**What you will do:** Retype exactly the span of lines below from the one with "Hey this is" through the one with "Hey, this is". Do not include pictures.

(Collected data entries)
══════════

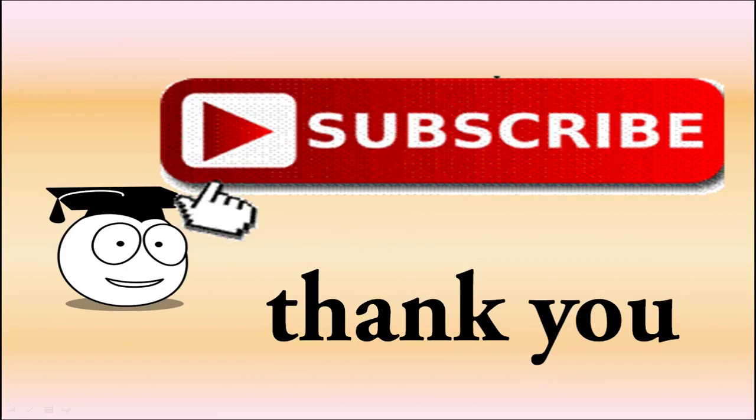Thank you for watching the video. I hope you enjoyed it. And if you haven't already, please subscribe. Bye for now.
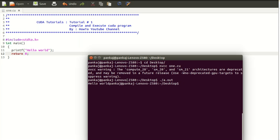It is printing the message successfully. This is the process for compilation and execution. In the next tutorial we will see CUDA programming. Thank you very much for watching.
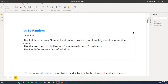Welcome to another Hoosier BI video in the Query Stuff series. In this one we're going to talk about random number generation in Power BI, Power Query. Random numbers are handy when you're trying to generate a bunch of numbers quickly — for example when modeling, generating training material, or demo material, or checking the performance of something.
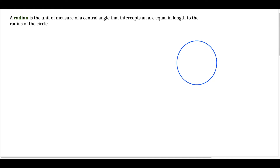What's up, I'm Van and today I want to show how to convert from radians to degrees and from degrees to radians. So the first thing I want to look at is what is a radian, and here's the definition of a radian.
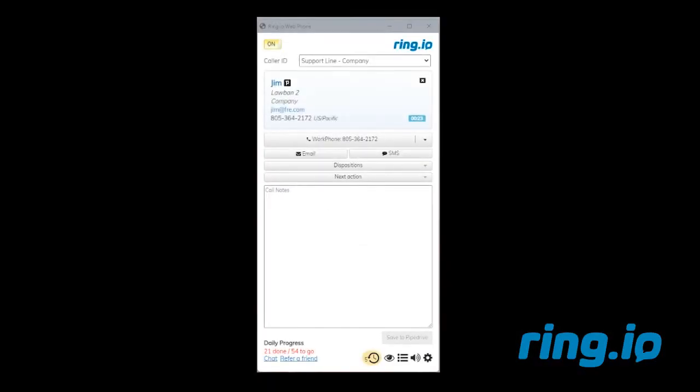Let me show you how to use the voicemail drop feature in this short demonstration. I need to call Jim to see if he's interested in purchasing marketing materials.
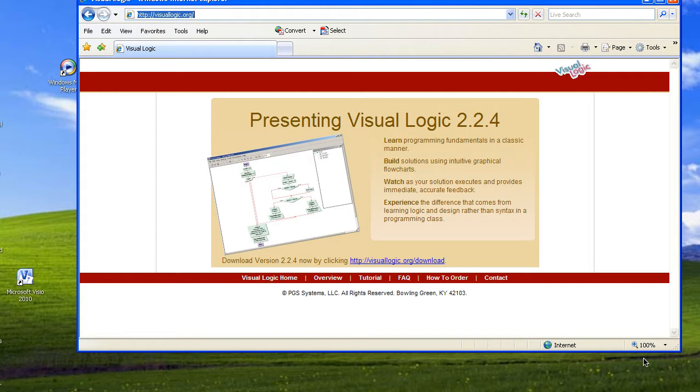During the Applied Logic class, you're going to be using Visual Logic for creating programs. Visual Logic is a tool that lets you create flowcharts that are actually executable as programs.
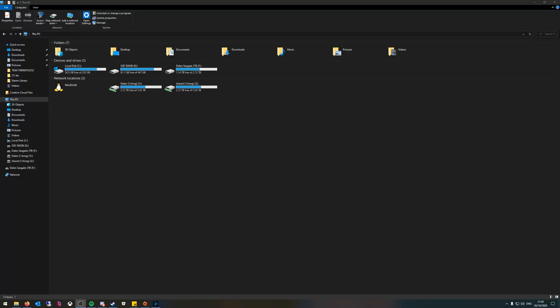Hi everyone, welcome to my next video. Today I'm going to show you how to map a new hard drive.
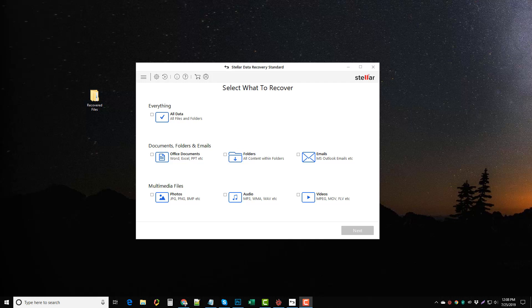Hey this is Chris and in this video I want to do a Stellar Data Recovery review for you guys so you can see exactly what this software does and if it is something for you. I'm going to go through a full demo.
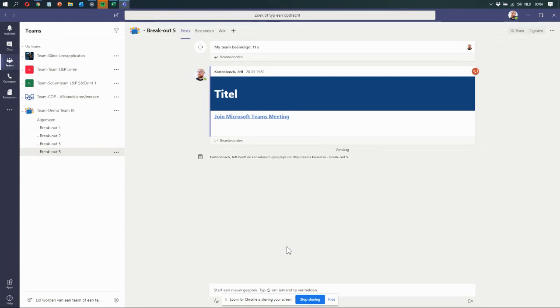Hey, this is Jeff, and in this video I'm going to show you how to create an inline poll while you are in a video meeting in Microsoft Teams.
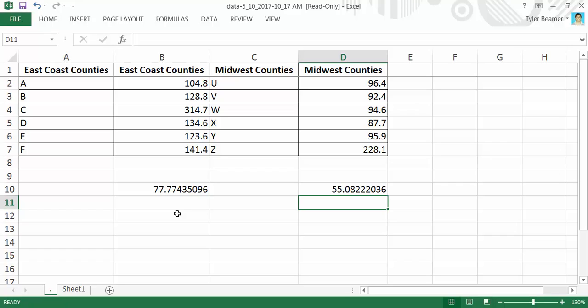There's a lot of variation in the prices of homes on the East Coast as opposed to the Midwest, which as you can see are all centralized around the 90 mark. Definitely use this on your homework and quizzes on MyMathLab. If you have any questions, email those to me. Have a great day.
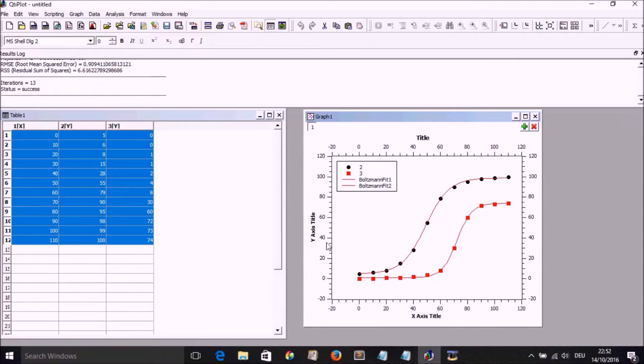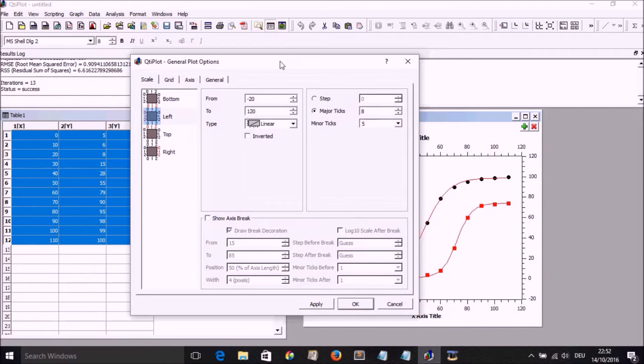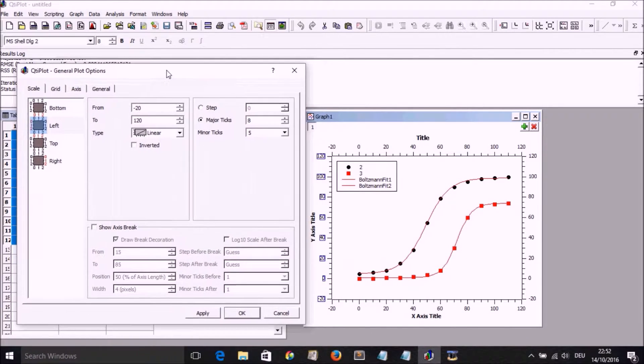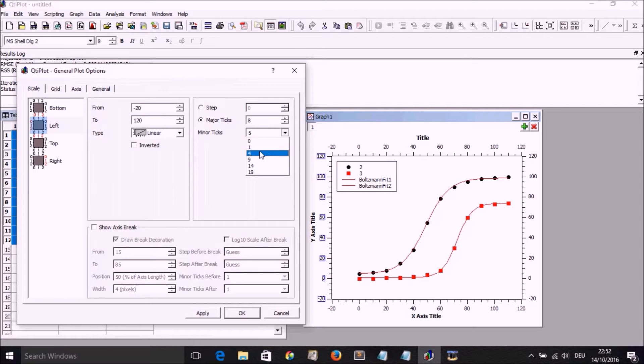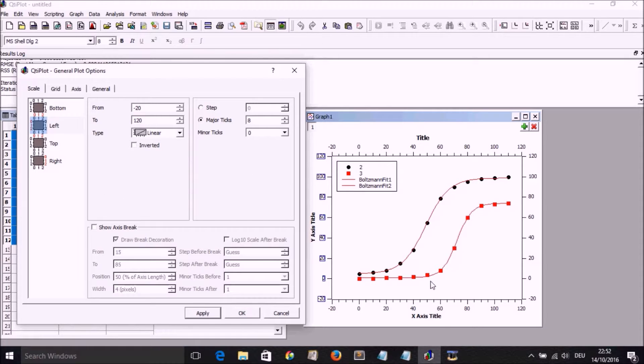So now we may want to double click on the Y axis and then adjust the minor and the major ticks.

══════════

**Result:**
Hey this is Chris and in this video I want to do a Stellar Data Recovery review for you guys so you can see exactly what this software does and if it is something for you. I'm going to go through a full demo.
Hey, this is Jeff, and in this video I'm going to show you how to create an inline poll while you are in a video meeting in Microsoft Teams.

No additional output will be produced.